The Indian metals sector is set to report a good performance in the March quarter on the back of higher prices and sales. In steel, Tata Steel Ltd was quick off the block to announce its domestic volume numbers for the fourth quarter (Q4). Its steel sales rose by 6% sequentially and by 16.8% over a year ago. JSW Steel Ltd’s crude steel output was also up by 6% sequentially and by 28% over a year ago. New steel capacity is chiefly responsible for higher sales. Other large integrated steel makers too are likely to report good growth during the quarter.
Since domestic consumption has not kept pace with rising capacity, steel is being exported at a time when prices are increasing. A recent note by Fitch Ratings said steel prices have risen by about 10% since end-November. Steel prices are being supported by higher iron ore and coking coal prices. Thus, while sales growth of Indian companies is likely to increase, rising input costs are a risk to profitability. However, this is partly mitigated by captive sourcing and inventory purchased at lower prices.
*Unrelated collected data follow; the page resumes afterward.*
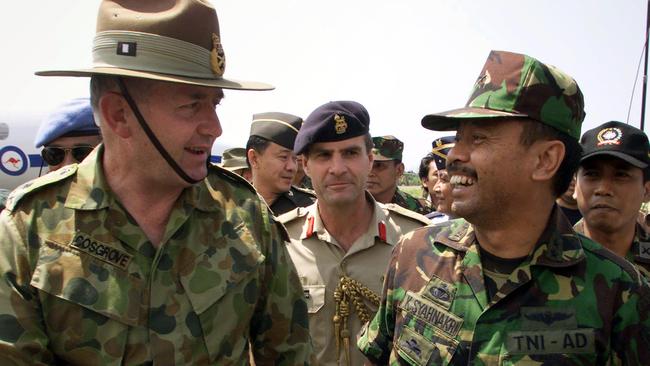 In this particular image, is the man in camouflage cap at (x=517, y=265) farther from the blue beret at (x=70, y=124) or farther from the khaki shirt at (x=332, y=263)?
the blue beret at (x=70, y=124)

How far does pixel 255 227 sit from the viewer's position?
7.15ft

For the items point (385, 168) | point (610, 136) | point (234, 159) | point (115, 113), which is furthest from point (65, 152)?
point (234, 159)

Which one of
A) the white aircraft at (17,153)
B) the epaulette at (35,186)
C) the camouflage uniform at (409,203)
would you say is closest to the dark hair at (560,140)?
the epaulette at (35,186)

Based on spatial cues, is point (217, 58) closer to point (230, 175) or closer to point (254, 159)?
point (230, 175)

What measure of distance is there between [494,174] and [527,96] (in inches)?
12.6

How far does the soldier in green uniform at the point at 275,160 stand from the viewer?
15.5 ft

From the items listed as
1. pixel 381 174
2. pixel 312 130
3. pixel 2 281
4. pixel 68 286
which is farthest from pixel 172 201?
pixel 381 174

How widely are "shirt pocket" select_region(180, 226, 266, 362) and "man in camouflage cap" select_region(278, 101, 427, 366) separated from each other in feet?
3.19

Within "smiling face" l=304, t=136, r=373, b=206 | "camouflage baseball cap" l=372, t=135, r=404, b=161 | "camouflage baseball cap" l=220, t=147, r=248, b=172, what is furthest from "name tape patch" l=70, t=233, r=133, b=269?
"camouflage baseball cap" l=220, t=147, r=248, b=172

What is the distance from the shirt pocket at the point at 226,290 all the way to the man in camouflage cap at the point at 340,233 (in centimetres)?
97

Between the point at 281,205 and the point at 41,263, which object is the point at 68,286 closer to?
the point at 41,263

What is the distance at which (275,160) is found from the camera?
15.5 feet

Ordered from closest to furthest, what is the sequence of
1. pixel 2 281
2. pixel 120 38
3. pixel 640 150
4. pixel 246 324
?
pixel 2 281, pixel 120 38, pixel 246 324, pixel 640 150

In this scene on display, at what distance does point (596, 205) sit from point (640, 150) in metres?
0.38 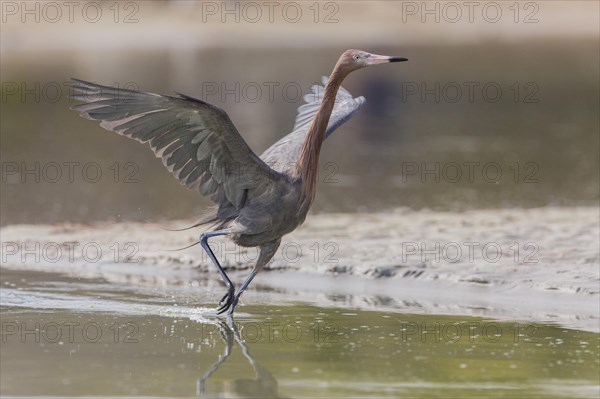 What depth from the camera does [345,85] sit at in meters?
34.2

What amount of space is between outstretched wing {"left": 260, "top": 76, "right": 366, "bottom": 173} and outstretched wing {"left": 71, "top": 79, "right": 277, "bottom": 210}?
0.43 m

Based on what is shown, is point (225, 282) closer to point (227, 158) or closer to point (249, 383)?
point (227, 158)

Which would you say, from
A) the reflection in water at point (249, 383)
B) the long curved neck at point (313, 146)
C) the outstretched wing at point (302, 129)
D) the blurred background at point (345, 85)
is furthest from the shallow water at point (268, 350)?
the blurred background at point (345, 85)

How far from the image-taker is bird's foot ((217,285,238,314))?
32.7 ft

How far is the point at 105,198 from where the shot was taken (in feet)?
55.7

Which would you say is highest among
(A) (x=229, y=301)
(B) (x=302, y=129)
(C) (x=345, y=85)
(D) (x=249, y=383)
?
(C) (x=345, y=85)

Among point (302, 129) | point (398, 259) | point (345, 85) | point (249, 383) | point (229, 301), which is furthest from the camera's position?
point (345, 85)

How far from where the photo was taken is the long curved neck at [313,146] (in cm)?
992

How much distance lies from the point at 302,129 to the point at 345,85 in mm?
22637

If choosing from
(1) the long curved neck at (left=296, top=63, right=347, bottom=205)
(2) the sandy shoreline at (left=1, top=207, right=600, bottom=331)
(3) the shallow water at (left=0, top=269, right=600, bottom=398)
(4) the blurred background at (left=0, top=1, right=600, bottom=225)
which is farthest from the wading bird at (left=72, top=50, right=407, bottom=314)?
(4) the blurred background at (left=0, top=1, right=600, bottom=225)

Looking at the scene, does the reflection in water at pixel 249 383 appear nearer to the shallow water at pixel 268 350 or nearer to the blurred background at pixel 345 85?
the shallow water at pixel 268 350

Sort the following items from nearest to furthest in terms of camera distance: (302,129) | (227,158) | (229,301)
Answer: (227,158)
(229,301)
(302,129)

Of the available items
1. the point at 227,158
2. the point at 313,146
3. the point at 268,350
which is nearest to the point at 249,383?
the point at 268,350

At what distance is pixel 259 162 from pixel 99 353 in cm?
208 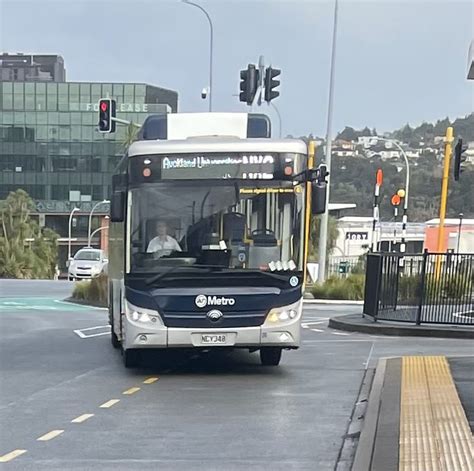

Average iron ore prices, of imported ore delivered at Qingdao in China, are up by 18.7% in the March quarter, over the December quarter. But prices have weakened towards the end of the quarter. They are at $79.4/tonne, compared to a high of $94.9/tonne seen in February 2017. The worry in the market is that China’s crackdown on polluting steel capacity may see a slowdown in demand for iron ore, while supplies continue to increase. China’s steel output in February did decline sequentially and if that trend continues, that could become a real risk.
In the non-ferrous market, rising prices bear good news. Compared to 3 January, copper prices are up by 4.4%, zinc by 7.1% and aluminium by 14.3%. Higher copper prices should benefit Hindustan Copper Ltd but only if it manages to ramp up output. The treatment and refining charges appear to be under some pressure, which is not good news for the custom smelting operations of Hindalco Industries Ltd and Vedanta Ltd. An 8 March Reuters report had said these charges had hit a four-year low in the spot market, chiefly due to scarcity of concentrate supplies due to mining shutdowns.
The aluminium side of the business, however, appears to be in good form. While aluminium prices have risen, metal premiums too have improved. A 31 March Reuters report said Japanese aluminium premiums have risen to $128/tonne for June quarter deliveries, compared to $95/tonne in the March quarter. That’s a sharp increase and if aluminium prices continue to rise or even sustain current levels, domestic companies should see sales and profitability improve. Similarly, on the zinc front too, the increase in prices should see better realizations for domestic producer Hindustan Zinc Ltd, which has said that the March quarter output will be higher than in the preceding quarter.
While the March quarter is expected to be good, slow growth in domestic investment demand is a worry. Rising metal prices in fiscal year 2017 (FY17) meant companies benefited even if they did nothing. The outlook on prices in FY18 depends to some extent on whether real demand improves and also whether China’s measures to lower pollution actually result in lower output in sectors such as steel and aluminium. If higher output elsewhere makes up for supply cuts, then prices could struggle to sustain the uptrend.